There was this PBT2 paper published 2 weeks ago, no comments from the management. I still think that PBT2 is alive and that we will get some info about it soon. Perhaps they had to take the 17M because negotiations with big pharma were not progressing well. PBT2 is expensive and it needs to be IMO. Just my speculation.

ACS Infect Dis

. 2021 Jul 14.

doi: 10.1021/acsinfecdis.0c00887. Online ahead of print.

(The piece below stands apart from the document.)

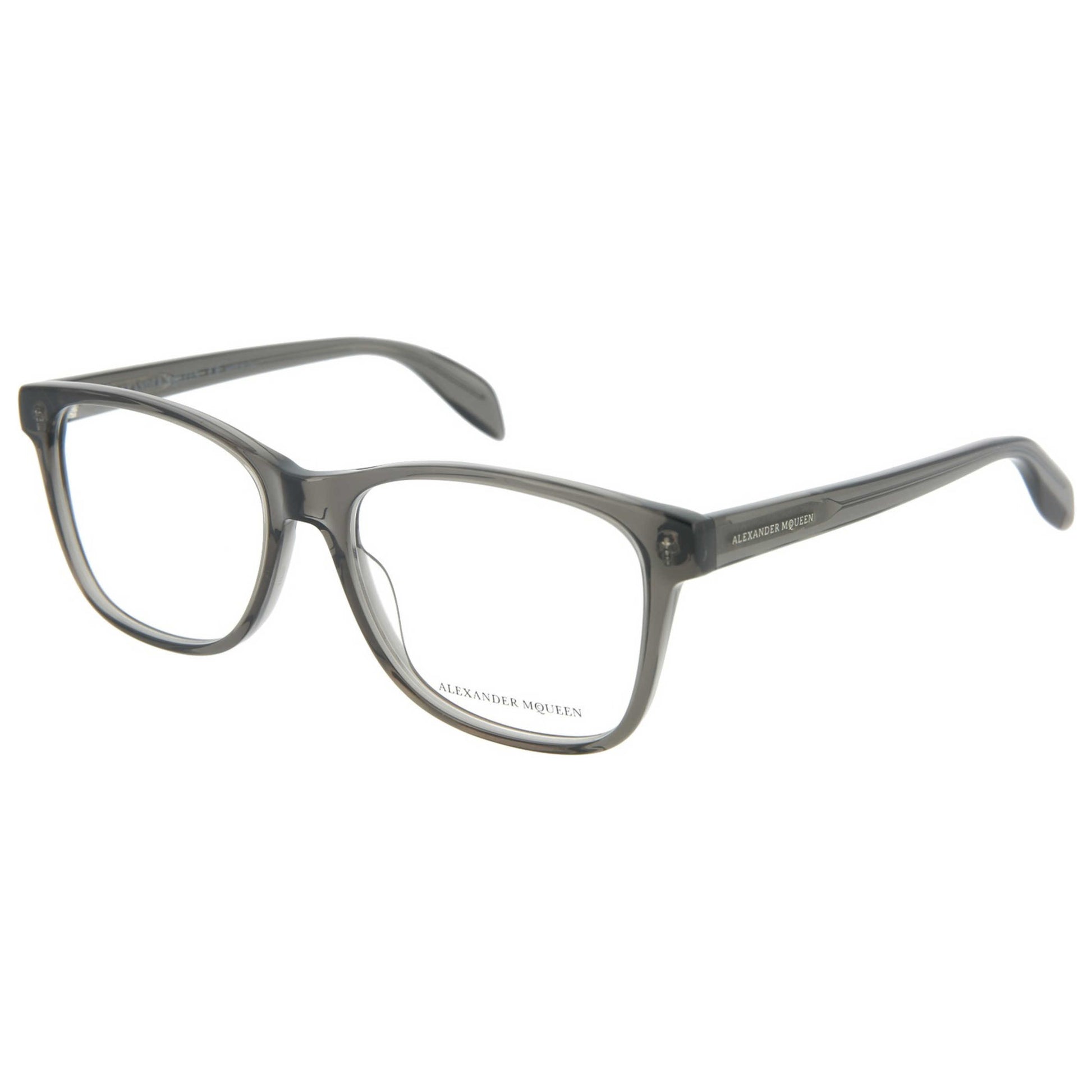 Front view of Alexander McQueen Core Men's Opticals AM0113O-30001854-001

Disruption of Metallostasis in the Anaerobic Human Pathogen Fusobacterium nucleatum by the Zinc Ionophore PBT2

Essie M Van Zuylen ¹, Scott A Ferguson ¹, Alan Hughes ¹, David Rennison ², Margaret A Brimble ^{2 3}, Gregory M Cook ^{1 3}

Affiliations expand

• PMID: 34259502

DOI: 10.1021/acsinfecdis.0c00887

Abstract

The Gram-negative anaerobe Fusobacterium nucleatum is an opportunistic human pathogen, most frequently associated with periodontal disease through dental biofilm formation and, increasingly, with colorectal cancer development and progression. F. nucleatum infections are routinely treated by broad-spectrum β-lactam antibiotics and metronidazole. However, these antibiotics can negatively impact the normal microflora. Therefore, the development of novel narrow-spectrum antimicrobials active against anaerobic pathogens is of great interest. Here, we examined the antimicrobial Zn ionophore PBT2, an 8-hydroxyquinoline analogue with metal chelating properties, against a single type isolate F. nucleatum ATCC 25586. PBT2-Zn was a potent inhibitor of growth and exhibited synergistic bactericidal (>3-log₁₀ killing) activity at 5× MIC in planktonic cells, and at the MIC in biofilms grown in vitro. Physiological and transcriptional analyses uncovered a strong cellular response relating to Zn and Fe homeostasis in PBT2-Zn treated cells across subinhibitory and inhibitory concentrations. At 1× MIC, PBT2 alone induced a 3.75-fold increase in intracellular Zn, whereas PBT2-Zn challenge induced a 19-fold accumulation of intracellular Zn after 2 h. A corresponding 2.1-fold loss of Fe was observed at 1× MIC. Transcriptional analyses after subinhibitory PBT2-Zn challenge (0.125 μg/mL and 200 μM ZnSO₄) revealed significant differential expression of 15 genes at 0.5 h, and 12 genes at 1 h. Upregulated genes included those with roles in Zn homeostasis (e.g., a Zn-transporting ATPase and the Zn-sensing transcriptional regulator, smtB) and hemin transport (hmuTUV) to re-establish Fe homeostasis. A concentration-dependent protective effect was observed for cells pretreated with hemin (50 μg/mL) prior to PBT2-Zn challenge. The data presented here supports our proposal that targeting the disruption of metallostasis by Zn-translocating ionophores is a strategy worth investigating further for the treatment of Gram-negative anaerobic pathogens.